■ **YOUR ASSIGNMENT**: Leave out every line before the one containing "Lot 413 - EARLY", and set down that line and the rest through the end of the listing exactly.

======

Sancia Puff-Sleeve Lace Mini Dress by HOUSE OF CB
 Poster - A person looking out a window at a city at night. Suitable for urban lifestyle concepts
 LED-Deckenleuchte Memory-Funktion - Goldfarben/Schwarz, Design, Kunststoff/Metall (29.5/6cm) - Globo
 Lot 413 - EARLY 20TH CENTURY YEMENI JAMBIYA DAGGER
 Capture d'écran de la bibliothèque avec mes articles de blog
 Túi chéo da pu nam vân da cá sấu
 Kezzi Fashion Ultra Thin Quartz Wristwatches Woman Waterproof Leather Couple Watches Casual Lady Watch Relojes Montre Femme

======

■ **REPLY**:
 Lot 413 - EARLY 20TH CENTURY YEMENI JAMBIYA DAGGER
 Capture d'écran de la bibliothèque avec mes articles de blog
 Túi chéo da pu nam vân da cá sấu
 Kezzi Fashion Ultra Thin Quartz Wristwatches Woman Waterproof Leather Couple Watches Casual Lady Watch Relojes Montre Femme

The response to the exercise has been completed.